┌──
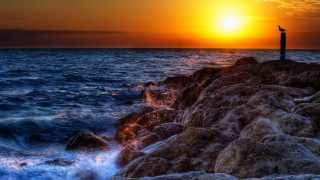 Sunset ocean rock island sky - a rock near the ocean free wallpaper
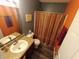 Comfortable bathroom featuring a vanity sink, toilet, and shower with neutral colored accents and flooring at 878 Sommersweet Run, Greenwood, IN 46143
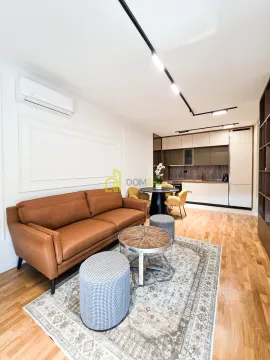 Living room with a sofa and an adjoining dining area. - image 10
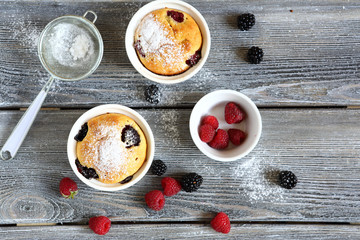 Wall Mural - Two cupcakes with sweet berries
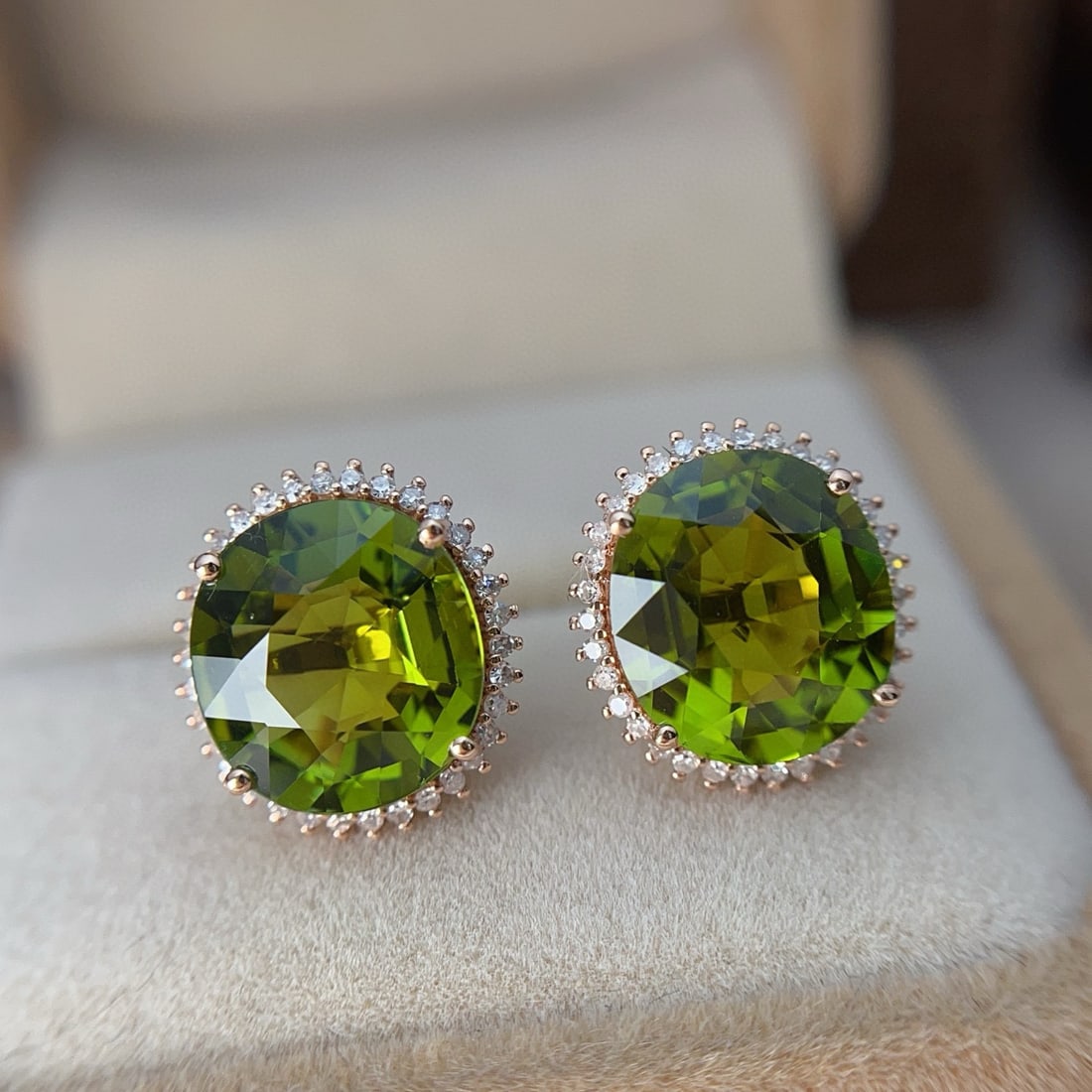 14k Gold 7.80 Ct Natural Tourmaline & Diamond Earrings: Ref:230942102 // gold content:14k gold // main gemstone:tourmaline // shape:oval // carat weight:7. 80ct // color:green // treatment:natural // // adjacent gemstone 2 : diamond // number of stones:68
└──
┌──
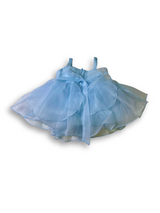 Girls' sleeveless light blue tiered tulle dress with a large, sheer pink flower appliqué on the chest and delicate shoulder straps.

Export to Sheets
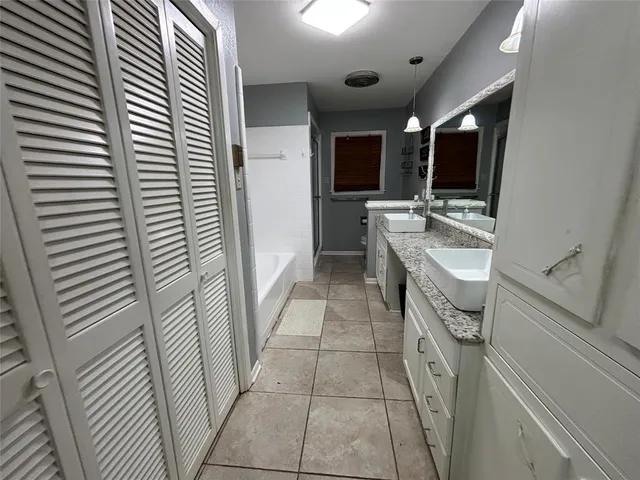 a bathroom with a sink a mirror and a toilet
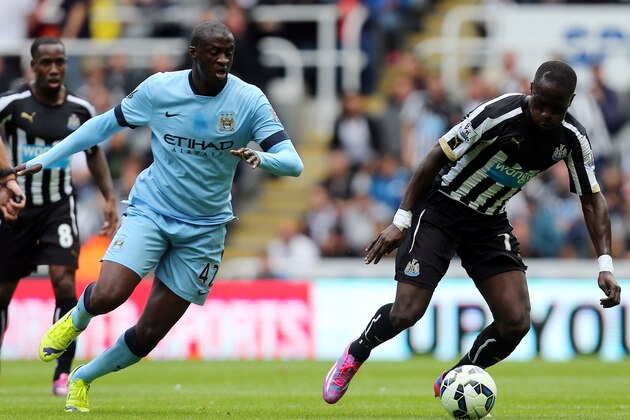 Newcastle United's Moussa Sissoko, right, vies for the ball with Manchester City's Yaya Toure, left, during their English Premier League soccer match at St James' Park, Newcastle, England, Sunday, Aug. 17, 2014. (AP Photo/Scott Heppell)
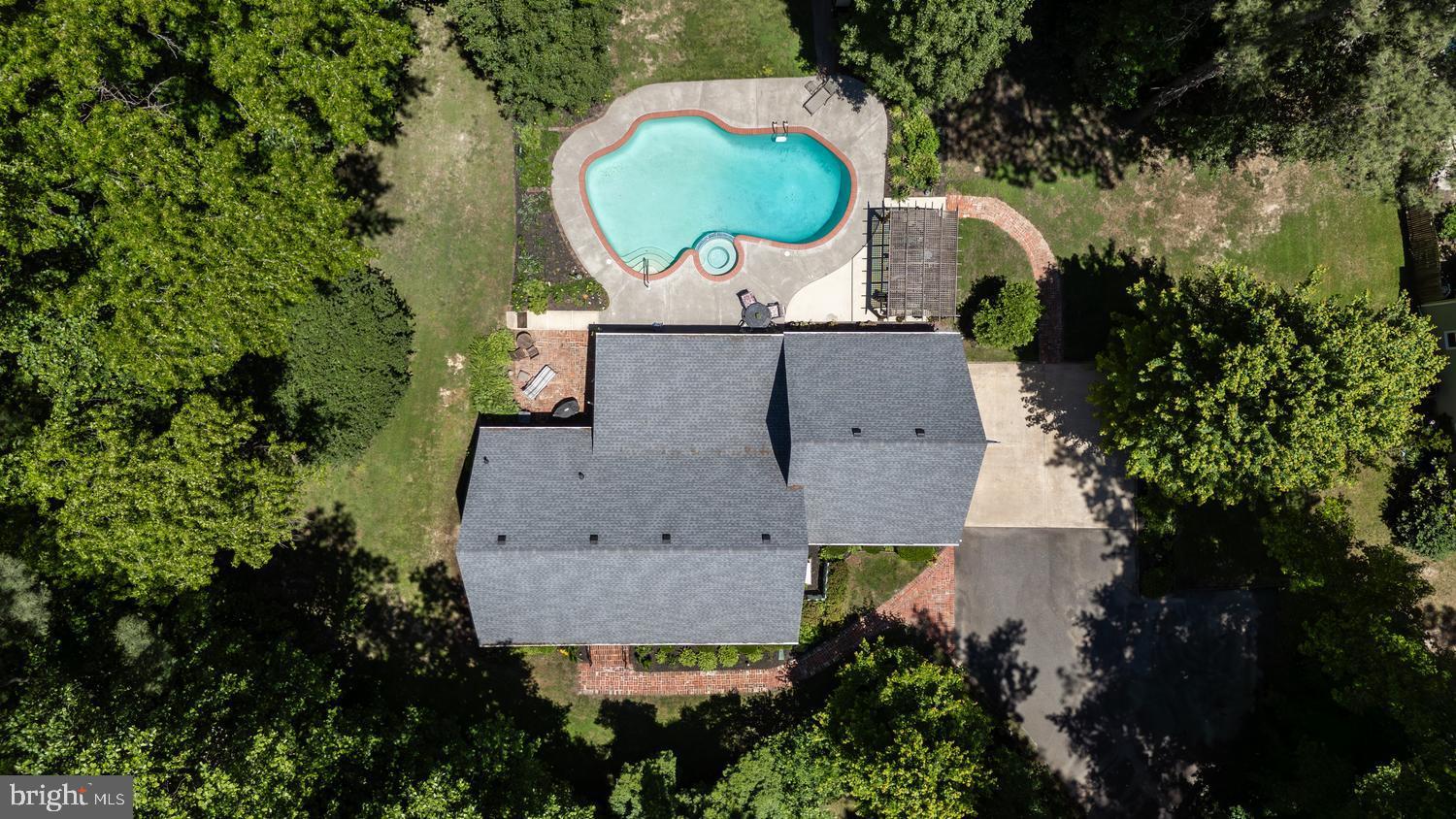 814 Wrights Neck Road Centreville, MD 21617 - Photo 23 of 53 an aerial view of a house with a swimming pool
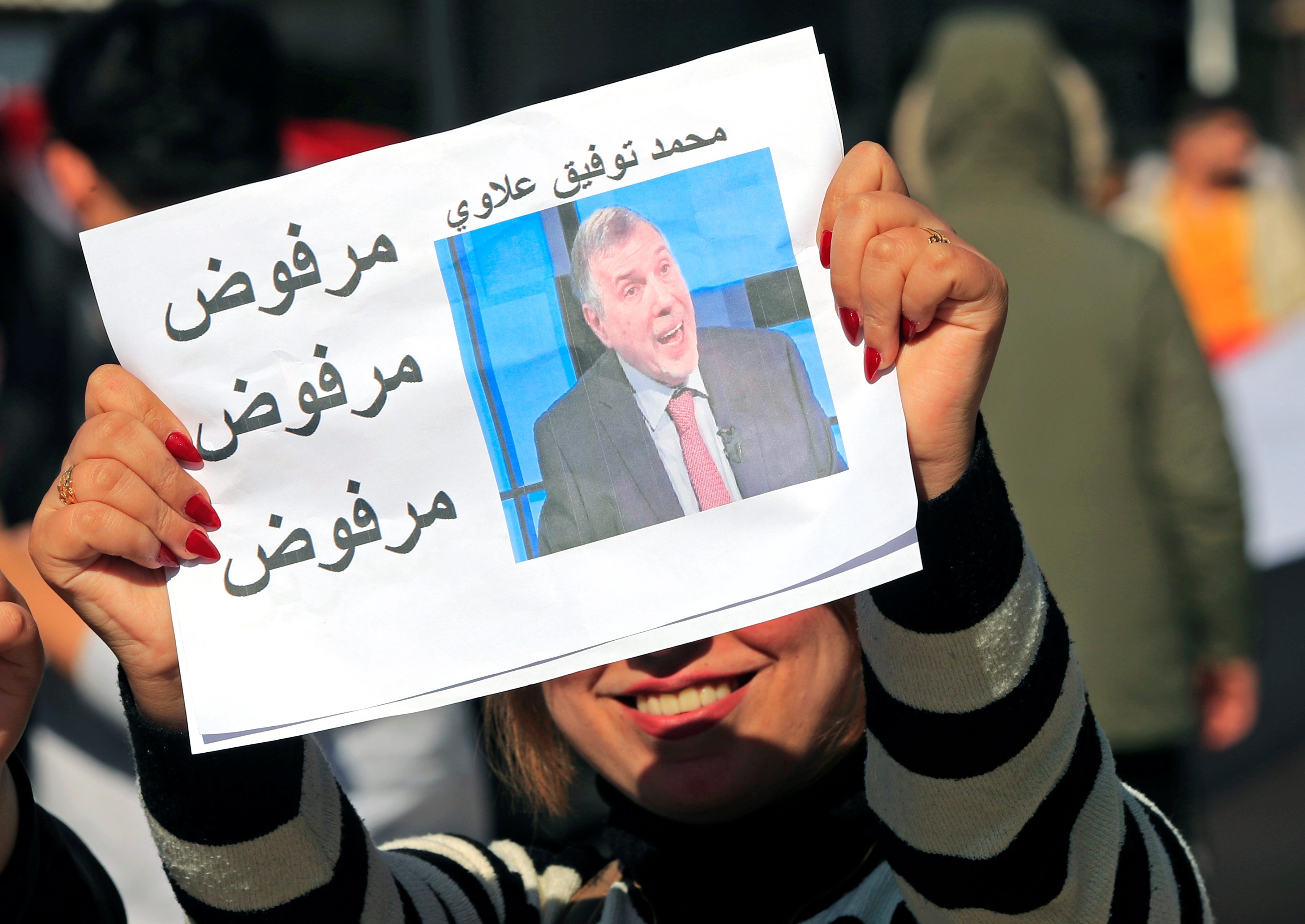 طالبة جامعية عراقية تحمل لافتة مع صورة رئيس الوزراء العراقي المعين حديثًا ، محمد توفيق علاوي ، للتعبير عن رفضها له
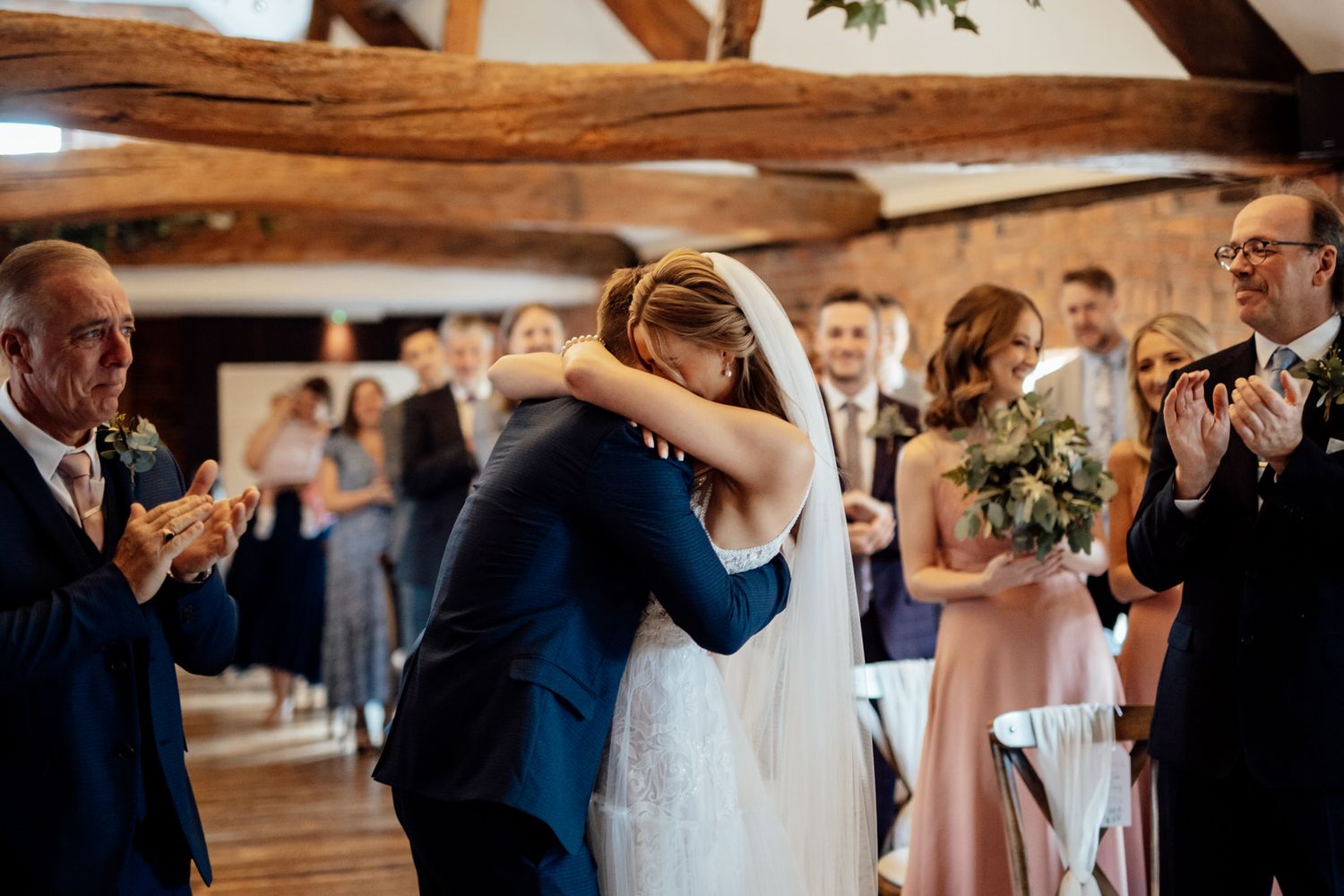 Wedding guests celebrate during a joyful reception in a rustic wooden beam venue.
└──
┌──
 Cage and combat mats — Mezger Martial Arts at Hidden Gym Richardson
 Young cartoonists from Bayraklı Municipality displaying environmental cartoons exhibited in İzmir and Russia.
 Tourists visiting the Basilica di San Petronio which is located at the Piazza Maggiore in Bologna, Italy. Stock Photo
└──
What is needed: Taking the entries above, extract every line from the one bearing "Sunset ocean rock" through the one bearing "14k Gold 7.80", exactly, with no pictures.

Exercise solution:
 Sunset ocean rock island sky - a rock near the ocean free wallpaper
 Comfortable bathroom featuring a vanity sink, toilet, and shower with neutral colored accents and flooring at 878 Sommersweet Run, Greenwood, IN 46143
 Living room with a sofa and an adjoining dining area. - image 10
 Wall Mural - Two cupcakes with sweet berries
 14k Gold 7.80 Ct Natural Tourmaline & Diamond Earrings: Ref:230942102 // gold content:14k gold // main gemstone:tourmaline // shape:oval // carat weight:7. 80ct // color:green // treatment:natural // // adjacent gemstone 2 : diamond // number of stones:68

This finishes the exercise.